A little disappointed – It’s finishedas we Francophiles like to say, La Maison. If a French TV drama is good, it can be very good. spiral, Les RevenantsAnd it’s probably the best series about spies ever made. le bureau. but La Maison Not in their league.
This is a shame, as this environment is something that TV soap operas don’t often feature. And the French art of haute couture was something that should really be handled beautifully. Judging by the flamboyant Parisian vibe and overall patina; inheritance-Luxury in style, it’s not lacking on a reasonable budget. What’s disappointing is that this production doesn’t seem to have any real love or understanding for its subject matter. This is a fashion series created by people who hate fashion.
It helps if you’ve seen Kevin McDonald’s recent documentary to understand what I’m getting at High & Low – John Galliano. The film explores whether Galliano meant it one drunken night when he made his infamous anti-Semitic remarks and threatened to destroy his then-employer, the House of Dior. , I think it’s depicted quite relentlessly. But in any case, what was more interesting to me was what was being said about the nature of this industry.
Up until that point, I had despised bad designers like Galliano and Alexander McQueen. I’m purely an ignorant bias, but since one is dressing like pirates and the other is inventing weird and perverted things like “Buster” pants, perhaps they’re fashion-forward. I thought they were just some shocking young people overhyped to satisfy themselves. The world’s relentless hunger for empty neophilia.
But Galliano’s film and 2018 biographical documentary mcqueen It was an eye-opener. Despite their obvious flaws, there is no doubt that both of them were geniuses who understood haute couture like few other creators before or since. Like the avant-garde painters who learned perspective for the first time and learned how to draw a perfect sphere freehand, the reason they were able to conduct such original and productive experiments is that they Because it was based on tradition. They were first inspired craftsmen, then messed up, drugged-up freaks.
This distinction has now largely been lost La Maison. It depicts the fictional fashion house LeDoux thrown into turmoil after a Galliano-style racist riot, but it doesn’t give viewers any strong reason to care about its plight. The Ledoux we were shown owned a magnificent building in one of the best districts, had been run by the same family for over a century, had an understatedly elegant and very arrogant chief designer, and turned his staff into serfs. It is treated as such. But the series’ view of all this is not dissimilar to that of Trichochus gazing at Versailles in 1789. This outdated privilege is ripe for destruction.

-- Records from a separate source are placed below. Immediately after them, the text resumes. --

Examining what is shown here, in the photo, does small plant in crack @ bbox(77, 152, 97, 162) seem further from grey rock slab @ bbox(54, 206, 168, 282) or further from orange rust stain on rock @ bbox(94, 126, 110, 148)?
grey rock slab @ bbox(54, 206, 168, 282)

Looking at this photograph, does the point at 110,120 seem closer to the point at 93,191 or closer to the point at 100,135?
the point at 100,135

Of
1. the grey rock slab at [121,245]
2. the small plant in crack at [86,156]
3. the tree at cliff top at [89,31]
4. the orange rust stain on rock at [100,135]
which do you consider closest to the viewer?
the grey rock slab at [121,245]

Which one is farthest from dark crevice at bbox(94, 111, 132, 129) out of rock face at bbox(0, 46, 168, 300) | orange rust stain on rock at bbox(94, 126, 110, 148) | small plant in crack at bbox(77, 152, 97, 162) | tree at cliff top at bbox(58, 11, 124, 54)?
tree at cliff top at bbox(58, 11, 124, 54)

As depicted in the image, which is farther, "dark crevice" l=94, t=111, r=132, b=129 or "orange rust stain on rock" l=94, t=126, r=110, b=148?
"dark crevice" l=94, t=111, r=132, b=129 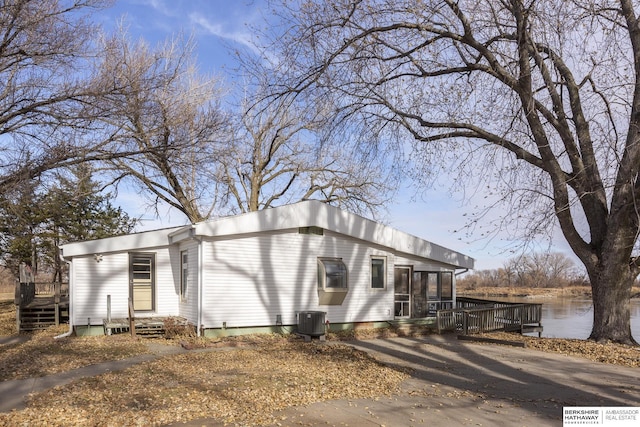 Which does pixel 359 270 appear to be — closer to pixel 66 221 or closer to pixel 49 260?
pixel 66 221

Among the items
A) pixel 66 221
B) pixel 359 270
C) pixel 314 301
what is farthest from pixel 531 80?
pixel 66 221

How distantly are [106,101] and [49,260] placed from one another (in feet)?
66.6

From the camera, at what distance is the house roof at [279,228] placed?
13383mm

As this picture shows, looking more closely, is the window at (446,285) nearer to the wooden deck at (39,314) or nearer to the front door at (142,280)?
the front door at (142,280)

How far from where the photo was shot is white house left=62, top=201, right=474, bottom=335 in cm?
1349

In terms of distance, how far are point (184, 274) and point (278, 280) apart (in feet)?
9.00

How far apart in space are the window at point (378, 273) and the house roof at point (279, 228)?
23.8 inches

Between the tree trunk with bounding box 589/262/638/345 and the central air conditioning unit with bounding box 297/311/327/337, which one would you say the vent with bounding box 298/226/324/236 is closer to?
the central air conditioning unit with bounding box 297/311/327/337

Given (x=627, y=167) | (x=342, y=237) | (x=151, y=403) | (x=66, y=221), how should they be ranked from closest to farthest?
(x=151, y=403) < (x=627, y=167) < (x=342, y=237) < (x=66, y=221)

We know this because the series’ most popular character is Vincent Redu (Lambert Wilson), a designer in trouble, or a fashion house still in crisis. Rather, it’s Paloma Castel (Gita Hanlot), an annoying and cocky young upstart who seems to despise couture. . Castel rejects the use of genuine leather, thinks the industry is disgustingly wasteful, is passionate about environmental protection efforts, and with his urchin girlfriend rides around in a beat-up camper van destroying guerrilla spray paint. doing the act. But judging by the first few episodes, at least, we should be rooting for her to replace the stuffy, outdated, cliched Vincent as LeDoux’s unlikely savior. what? Perhaps this is just my bias, but a series where the heroine is a wretched eco-warrior who probably doesn’t even do laundry, and the enemy is artistry, beauty, tradition, and where we’re supposed to be. Why would you want to watch a 100-year-old establishment be shut down because a drunk, grumpy man was recorded saying something stupid (in this case, about Koreans)? Do you believe that it is perfectly rational to be destroyed?
Well, if the script was this crisp, mediated, and interesting, I might do it. inheritanceor whether the characters were interesting enough, or whether the plot was more engaging. But so far everything feels very generic. It’s as if the template for a routine drama about succession issues in a family business was just randomly dropped into haute couture, but it could have just as easily been used in couture. A series depicting the struggle for control of the Lancashire Stomach Empire.